PROBLEM TO SOLVE:
The entries below contain pictures. Write out only the lines from the line with "Wall Mural - Close" up to and including the line with "A large group", exactly, without them.

START ENTRIES PROVIDED

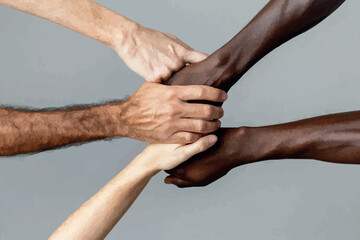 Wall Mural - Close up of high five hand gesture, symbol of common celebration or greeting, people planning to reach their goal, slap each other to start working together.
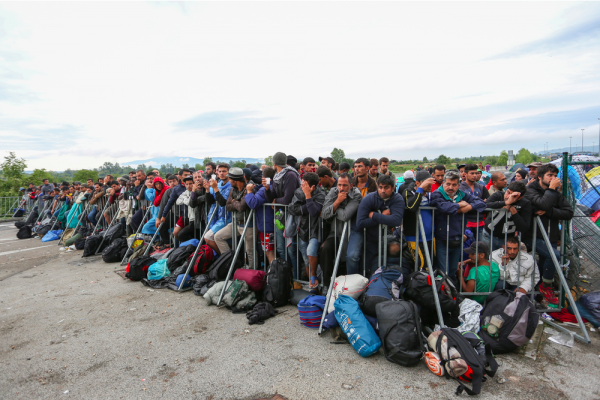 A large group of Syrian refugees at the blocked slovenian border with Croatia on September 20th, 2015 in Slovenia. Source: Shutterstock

END ENTRIES PROVIDED
START ENTRIES PROVIDED

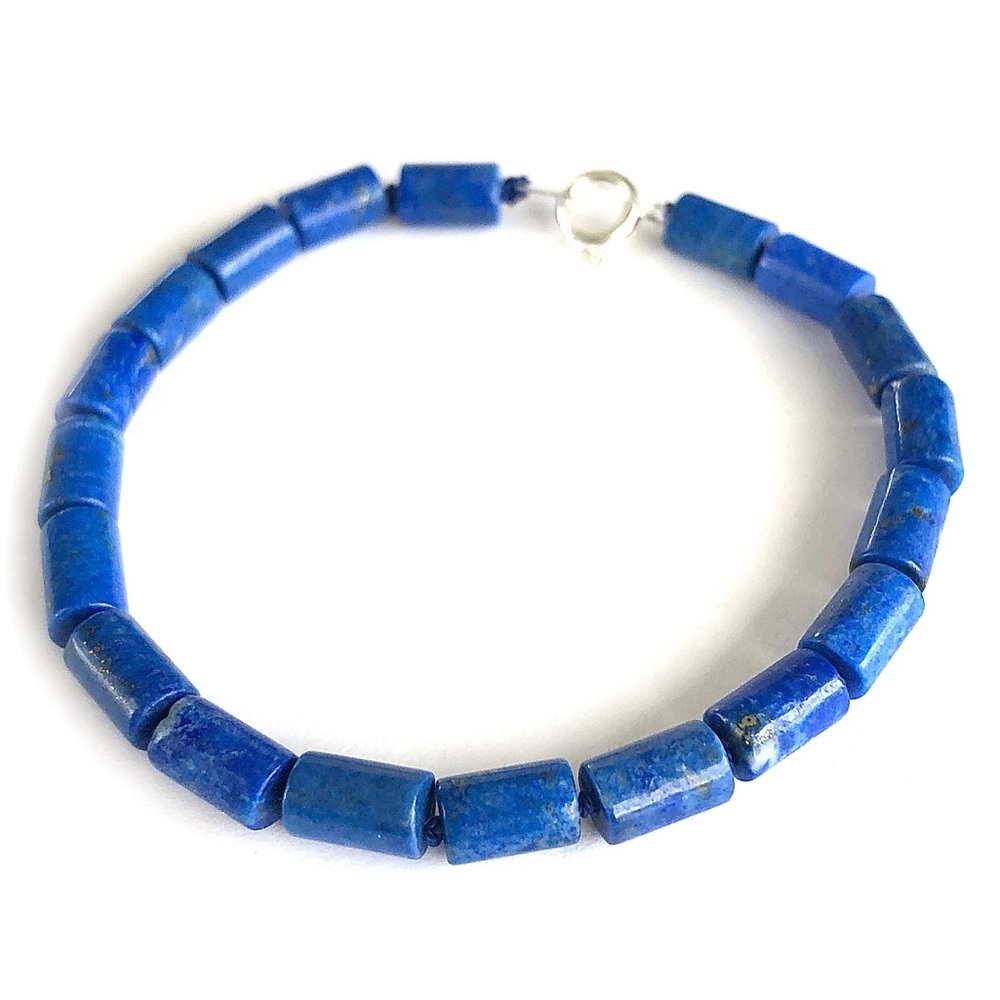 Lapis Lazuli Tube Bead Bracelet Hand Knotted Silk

END ENTRIES PROVIDED

RESPONSE BOX:
 Wall Mural - Close up of high five hand gesture, symbol of common celebration or greeting, people planning to reach their goal, slap each other to start working together.
 A large group of Syrian refugees at the blocked slovenian border with Croatia on September 20th, 2015 in Slovenia. Source: Shutterstock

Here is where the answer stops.